### YOUR ASSIGNMENT
Lines below starting with the line with "Ruchira’s home to her school. Now, with" and going on through the line with "republished" must be output exactly; the rest of the records must be left out.

### INFORMATION SHOWN
# # # #
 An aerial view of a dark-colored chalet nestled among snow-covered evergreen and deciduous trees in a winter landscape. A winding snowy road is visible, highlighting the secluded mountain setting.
# # # #
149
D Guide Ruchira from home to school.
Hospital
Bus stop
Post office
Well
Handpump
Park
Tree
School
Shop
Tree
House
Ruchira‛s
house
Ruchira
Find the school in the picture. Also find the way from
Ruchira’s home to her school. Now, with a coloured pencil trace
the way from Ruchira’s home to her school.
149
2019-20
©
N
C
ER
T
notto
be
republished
# # # #
### SOLUTION TO THE EXERCISE
Ruchira’s home to her school. Now, with a coloured pencil trace
the way from Ruchira’s home to her school.
149
2019-20
©
N
C
ER
T
notto
be
republished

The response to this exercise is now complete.